Estou à toa há mais de uma semana, mas sinto que só hoje minhas férias (nossas, digo) começaram. As primeiras em dois anos. Primeironas desde que voltamos ao Patropi. Escolhemos a pacata João Pessoa para o reencontro com o ócio e as praias brasileiras. Se alguém espera histórias tenebrosas de viagem de férias, fico devendo, por enquanto. Espero...
Aeroporto vazio. Check-in feito com antecedência. Bagagens despachadas em poucos minutos. Pouco ou quase nenhum atraso. Tecnicamente não houve atraso, uma vez que o avião começou a taxiar no horário exato do vôo. Escala rápida no Recife e, 30 minutinhos depois, chegamos a João Pessoa. Ou John People, como venho me referindo. O aeroporto modesto, mas bem jeitoso, nos recebe com uma lufada de ar-condicionado, em contraste ao bafão quente do lado de fora. Rapidinho nos aboletamos num táxi muito limpo - o preço é justo, R$ 58,00 até o hotel distante pouco mais de 23 km - e cujo motora foi muito simpático.
O hotel que escolhemos, Verdegreen, está muito bem cotado. Fica no bairro de Manaíra, grudadinho em Tambaú. Chegamos, desempacotamos e fomos caçar donde comer.
Matamos uma moqueca capixaba num modesto mas simpático restaurante e partimos para a digestão caminhando até a praia de Cabo Branco.

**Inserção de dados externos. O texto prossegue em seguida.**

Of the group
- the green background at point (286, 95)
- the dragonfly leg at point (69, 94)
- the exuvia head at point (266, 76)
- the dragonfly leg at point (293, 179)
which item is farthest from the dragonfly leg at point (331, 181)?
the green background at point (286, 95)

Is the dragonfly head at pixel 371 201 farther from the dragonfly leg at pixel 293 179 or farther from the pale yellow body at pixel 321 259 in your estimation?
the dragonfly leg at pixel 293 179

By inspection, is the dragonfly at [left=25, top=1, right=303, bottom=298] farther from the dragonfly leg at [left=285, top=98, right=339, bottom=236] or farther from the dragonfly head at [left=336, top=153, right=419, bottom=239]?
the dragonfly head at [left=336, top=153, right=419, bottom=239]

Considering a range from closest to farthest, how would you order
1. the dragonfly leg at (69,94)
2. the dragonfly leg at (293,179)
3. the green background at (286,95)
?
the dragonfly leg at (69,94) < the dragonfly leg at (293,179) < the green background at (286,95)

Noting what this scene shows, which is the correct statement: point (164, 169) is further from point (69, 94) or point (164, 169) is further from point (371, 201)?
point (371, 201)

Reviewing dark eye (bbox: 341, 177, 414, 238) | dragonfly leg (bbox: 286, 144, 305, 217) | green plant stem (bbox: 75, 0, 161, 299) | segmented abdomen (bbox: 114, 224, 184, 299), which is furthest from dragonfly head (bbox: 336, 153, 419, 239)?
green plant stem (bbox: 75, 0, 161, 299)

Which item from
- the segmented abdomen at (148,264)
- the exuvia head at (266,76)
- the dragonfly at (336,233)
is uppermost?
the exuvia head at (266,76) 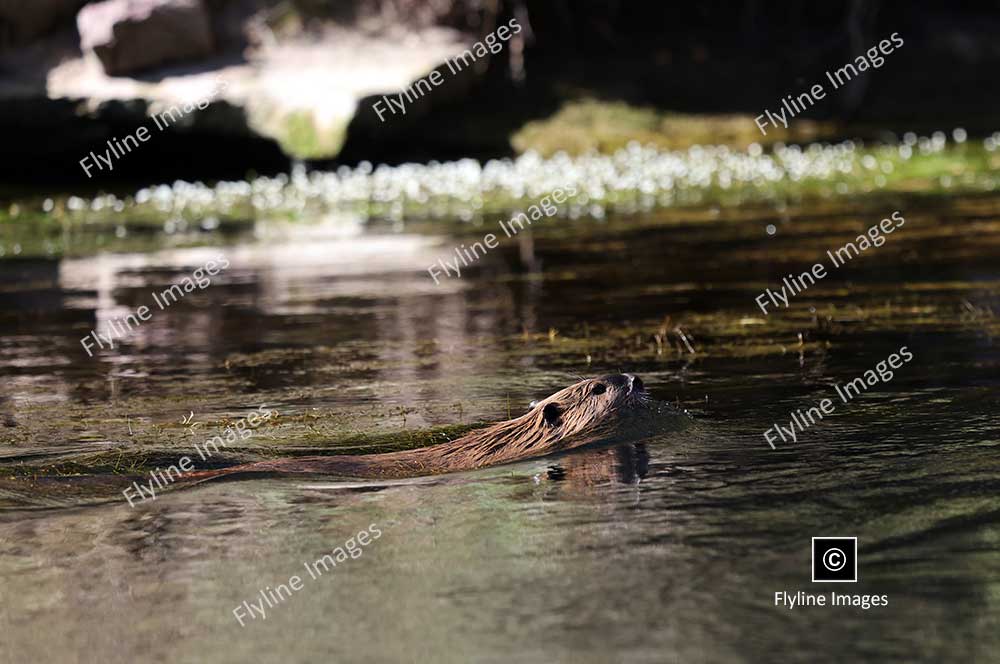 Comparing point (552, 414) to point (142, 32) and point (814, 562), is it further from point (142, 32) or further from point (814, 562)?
point (142, 32)

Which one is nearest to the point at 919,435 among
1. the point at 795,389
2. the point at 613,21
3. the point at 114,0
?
the point at 795,389

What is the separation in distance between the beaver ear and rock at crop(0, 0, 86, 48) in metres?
19.8

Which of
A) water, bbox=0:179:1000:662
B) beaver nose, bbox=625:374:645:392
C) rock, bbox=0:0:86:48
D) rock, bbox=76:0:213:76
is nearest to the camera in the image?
water, bbox=0:179:1000:662

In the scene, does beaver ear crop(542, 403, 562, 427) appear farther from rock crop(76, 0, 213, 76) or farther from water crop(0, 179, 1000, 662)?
rock crop(76, 0, 213, 76)

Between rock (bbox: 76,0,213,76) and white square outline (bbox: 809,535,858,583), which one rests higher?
rock (bbox: 76,0,213,76)

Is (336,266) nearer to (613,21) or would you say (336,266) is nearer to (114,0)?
(114,0)

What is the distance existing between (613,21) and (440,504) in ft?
75.0

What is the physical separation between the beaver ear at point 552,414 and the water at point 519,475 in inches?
7.5

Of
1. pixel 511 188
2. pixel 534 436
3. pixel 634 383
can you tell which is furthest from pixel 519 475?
pixel 511 188

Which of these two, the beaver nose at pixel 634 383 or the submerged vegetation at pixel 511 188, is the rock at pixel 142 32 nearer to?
the submerged vegetation at pixel 511 188

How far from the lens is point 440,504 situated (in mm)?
6625

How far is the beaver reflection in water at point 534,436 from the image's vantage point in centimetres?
732

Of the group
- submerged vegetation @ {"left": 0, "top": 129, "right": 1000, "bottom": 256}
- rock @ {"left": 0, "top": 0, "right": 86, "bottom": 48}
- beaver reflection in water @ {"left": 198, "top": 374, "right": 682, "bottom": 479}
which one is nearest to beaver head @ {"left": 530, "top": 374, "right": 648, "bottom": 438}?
beaver reflection in water @ {"left": 198, "top": 374, "right": 682, "bottom": 479}

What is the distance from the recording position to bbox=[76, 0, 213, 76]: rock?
2403 cm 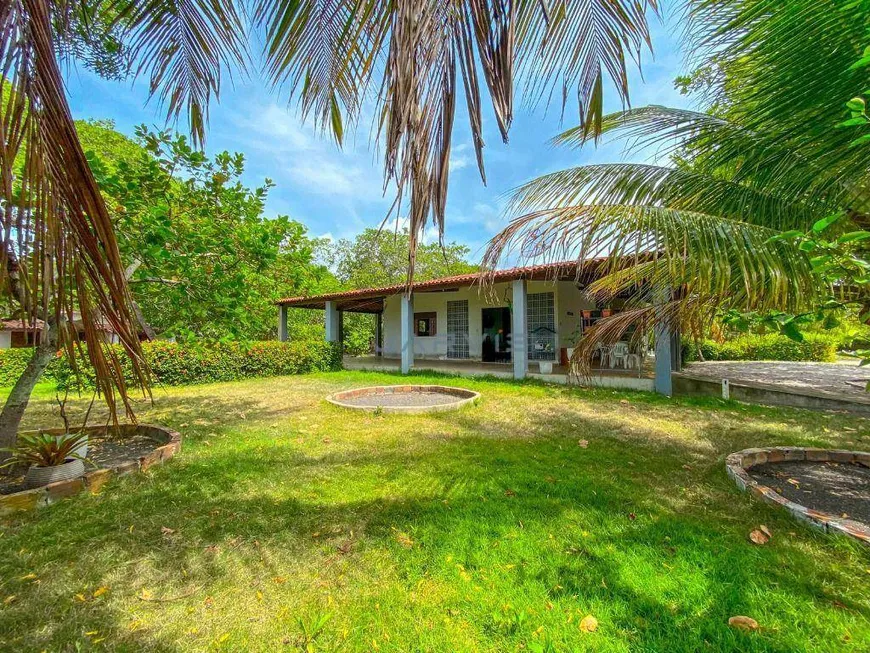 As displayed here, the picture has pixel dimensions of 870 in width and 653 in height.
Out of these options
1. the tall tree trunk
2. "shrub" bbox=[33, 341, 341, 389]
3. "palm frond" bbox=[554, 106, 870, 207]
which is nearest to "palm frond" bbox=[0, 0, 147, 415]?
"palm frond" bbox=[554, 106, 870, 207]

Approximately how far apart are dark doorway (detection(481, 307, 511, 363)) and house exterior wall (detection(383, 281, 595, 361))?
218 mm

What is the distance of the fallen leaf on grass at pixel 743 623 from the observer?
6.23 ft

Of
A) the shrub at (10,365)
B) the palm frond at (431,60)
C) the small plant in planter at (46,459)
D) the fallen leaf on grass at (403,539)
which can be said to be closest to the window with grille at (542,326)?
the fallen leaf on grass at (403,539)

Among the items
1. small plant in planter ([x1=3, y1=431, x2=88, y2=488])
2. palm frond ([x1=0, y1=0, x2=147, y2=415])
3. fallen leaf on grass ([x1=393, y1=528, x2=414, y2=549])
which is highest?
palm frond ([x1=0, y1=0, x2=147, y2=415])

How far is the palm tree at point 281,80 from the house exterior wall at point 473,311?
27.6 feet

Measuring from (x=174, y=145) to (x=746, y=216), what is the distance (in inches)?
233

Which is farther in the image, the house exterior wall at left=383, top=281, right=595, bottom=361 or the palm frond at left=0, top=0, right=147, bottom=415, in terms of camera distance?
the house exterior wall at left=383, top=281, right=595, bottom=361

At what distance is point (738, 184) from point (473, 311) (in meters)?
12.3

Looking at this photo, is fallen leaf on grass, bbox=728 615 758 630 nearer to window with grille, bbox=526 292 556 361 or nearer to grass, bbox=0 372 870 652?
grass, bbox=0 372 870 652

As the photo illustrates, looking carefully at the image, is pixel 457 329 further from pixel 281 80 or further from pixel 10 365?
pixel 10 365

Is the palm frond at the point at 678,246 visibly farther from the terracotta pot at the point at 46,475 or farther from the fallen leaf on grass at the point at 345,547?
the terracotta pot at the point at 46,475

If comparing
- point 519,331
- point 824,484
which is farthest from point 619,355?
point 824,484

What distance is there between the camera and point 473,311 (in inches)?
607

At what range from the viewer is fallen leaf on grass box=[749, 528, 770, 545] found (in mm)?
2648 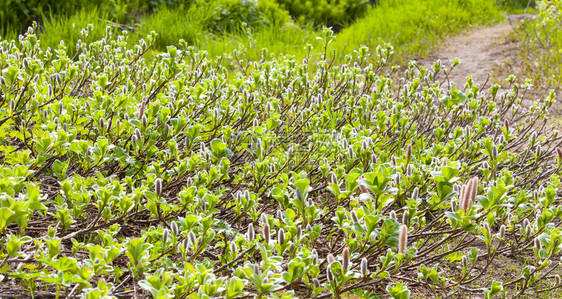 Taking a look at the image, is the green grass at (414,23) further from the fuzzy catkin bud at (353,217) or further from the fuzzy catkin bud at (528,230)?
the fuzzy catkin bud at (353,217)

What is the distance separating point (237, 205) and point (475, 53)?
7.02m

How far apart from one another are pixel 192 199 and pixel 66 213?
1.61 feet

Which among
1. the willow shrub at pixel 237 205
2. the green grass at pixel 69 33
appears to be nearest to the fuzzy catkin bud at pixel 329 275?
the willow shrub at pixel 237 205

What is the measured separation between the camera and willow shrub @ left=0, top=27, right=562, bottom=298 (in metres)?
1.81

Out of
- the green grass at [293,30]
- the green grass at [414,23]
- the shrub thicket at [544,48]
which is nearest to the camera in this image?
the shrub thicket at [544,48]

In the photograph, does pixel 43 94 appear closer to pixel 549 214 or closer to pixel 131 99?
pixel 131 99

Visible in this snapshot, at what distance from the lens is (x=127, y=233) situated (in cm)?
273

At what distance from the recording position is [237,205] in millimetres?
2211

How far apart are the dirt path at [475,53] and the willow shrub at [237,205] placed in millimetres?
3214

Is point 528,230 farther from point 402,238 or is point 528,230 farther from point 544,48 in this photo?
point 544,48

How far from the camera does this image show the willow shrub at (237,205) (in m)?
1.81

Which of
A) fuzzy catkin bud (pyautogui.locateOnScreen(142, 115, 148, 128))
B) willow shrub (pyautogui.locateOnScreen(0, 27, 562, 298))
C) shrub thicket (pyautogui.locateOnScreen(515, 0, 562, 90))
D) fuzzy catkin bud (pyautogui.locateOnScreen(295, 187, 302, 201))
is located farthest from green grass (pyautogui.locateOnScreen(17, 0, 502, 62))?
fuzzy catkin bud (pyautogui.locateOnScreen(295, 187, 302, 201))

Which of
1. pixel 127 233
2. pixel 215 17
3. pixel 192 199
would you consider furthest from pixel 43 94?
pixel 215 17

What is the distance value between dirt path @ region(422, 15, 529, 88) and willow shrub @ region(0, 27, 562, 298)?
3214mm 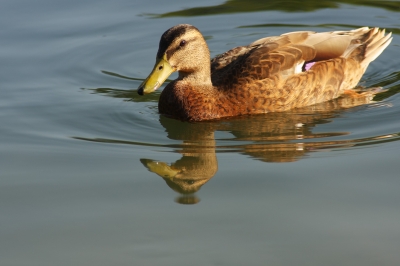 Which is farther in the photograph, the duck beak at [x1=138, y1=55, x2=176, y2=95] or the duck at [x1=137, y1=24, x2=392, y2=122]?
the duck at [x1=137, y1=24, x2=392, y2=122]

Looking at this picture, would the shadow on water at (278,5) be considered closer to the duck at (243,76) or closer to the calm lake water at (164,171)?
the calm lake water at (164,171)

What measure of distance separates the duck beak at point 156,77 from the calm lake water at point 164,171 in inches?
16.0

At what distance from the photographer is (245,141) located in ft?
24.2

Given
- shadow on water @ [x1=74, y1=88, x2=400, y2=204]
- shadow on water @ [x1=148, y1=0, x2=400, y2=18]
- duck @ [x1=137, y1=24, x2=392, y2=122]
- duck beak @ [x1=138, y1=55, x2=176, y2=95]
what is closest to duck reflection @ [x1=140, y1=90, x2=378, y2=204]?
shadow on water @ [x1=74, y1=88, x2=400, y2=204]

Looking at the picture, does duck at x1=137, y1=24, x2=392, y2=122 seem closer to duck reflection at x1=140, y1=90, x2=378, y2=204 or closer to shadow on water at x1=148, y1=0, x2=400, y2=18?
duck reflection at x1=140, y1=90, x2=378, y2=204

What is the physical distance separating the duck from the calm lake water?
0.21m

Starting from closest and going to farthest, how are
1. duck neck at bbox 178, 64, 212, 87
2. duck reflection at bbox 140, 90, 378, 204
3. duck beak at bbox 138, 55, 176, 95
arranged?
1. duck reflection at bbox 140, 90, 378, 204
2. duck beak at bbox 138, 55, 176, 95
3. duck neck at bbox 178, 64, 212, 87

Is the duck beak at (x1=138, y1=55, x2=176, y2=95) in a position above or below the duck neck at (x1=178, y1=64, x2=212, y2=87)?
above

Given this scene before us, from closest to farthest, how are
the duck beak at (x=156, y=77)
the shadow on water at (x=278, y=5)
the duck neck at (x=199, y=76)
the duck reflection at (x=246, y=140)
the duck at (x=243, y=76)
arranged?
the duck reflection at (x=246, y=140), the duck beak at (x=156, y=77), the duck at (x=243, y=76), the duck neck at (x=199, y=76), the shadow on water at (x=278, y=5)

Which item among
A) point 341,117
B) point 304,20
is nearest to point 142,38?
point 304,20

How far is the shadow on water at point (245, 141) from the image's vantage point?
654 centimetres

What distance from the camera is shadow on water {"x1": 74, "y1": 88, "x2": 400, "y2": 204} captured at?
6543 mm

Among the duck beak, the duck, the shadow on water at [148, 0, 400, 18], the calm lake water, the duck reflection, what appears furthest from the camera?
the shadow on water at [148, 0, 400, 18]

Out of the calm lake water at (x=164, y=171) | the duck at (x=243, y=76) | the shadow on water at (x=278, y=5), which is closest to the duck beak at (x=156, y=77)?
the duck at (x=243, y=76) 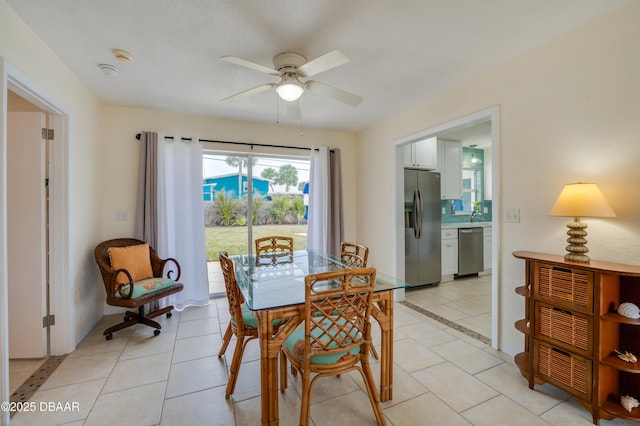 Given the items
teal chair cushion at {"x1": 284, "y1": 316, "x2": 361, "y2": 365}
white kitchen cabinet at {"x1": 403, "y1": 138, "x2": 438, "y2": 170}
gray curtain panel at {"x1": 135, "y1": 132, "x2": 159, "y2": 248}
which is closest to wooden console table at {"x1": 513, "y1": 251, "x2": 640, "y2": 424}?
teal chair cushion at {"x1": 284, "y1": 316, "x2": 361, "y2": 365}

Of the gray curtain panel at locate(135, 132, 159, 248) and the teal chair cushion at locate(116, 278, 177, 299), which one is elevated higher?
the gray curtain panel at locate(135, 132, 159, 248)

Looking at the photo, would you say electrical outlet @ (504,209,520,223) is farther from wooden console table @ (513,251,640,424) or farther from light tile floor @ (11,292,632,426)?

Anoitece muito cedo por aqui e voltamos já escuro, lá pelas seis. Agora é descansar que amanhã tem mais. Stay tuned.

domingo, 9 de maio de 2010

Panes et circensis

Está chegando aquela época, quando os homens poderosos, e aqueles que querem uma fatia desse poder, fazem qualquer coisa para chegar lá. É uma época em que todos são competentes, honestos, bem intencionados...e sem memória. Esquecem de tudo que fizeram de errado, ilegal e ruim. Promessas se renovam - assim como se renovaram há quatro anos. É, as promessas são as mesmas. E o que é mais assustador é o fato de que aqueles que deveriam se lembrar dessas promessas, delas se esqueceram completamente. Esqueceram-se justamente aqueles que acreditaram nelas, há quatro anos. São justamente aqueles que acabaram tendo que reclamar daquele mesmo governo, dos mesmos parlamentares que ajudaram a subir ao poder. O tempo faz milagres.
Em ano de copa do mundo essa amnésia coletiva se agrava. Até fins de julho ninguém vai se lembrar de política. E depois vão escolher qualquer um apenas para se livrarem mais rapidamente da obrigação de ter que escolher. E eis que inicia-se um novo ciclo.
E eis que vem a lei da Ficha-Limpa, contemplando incontáveis exceções. Aqui no DF, nosso medo recai no fato de que até agora o Tribunal Eleitoral só ameaçou, mas não invalidou a candidatura Joaquim "Vem Que Eu Dou Lote" Roriz. God help us.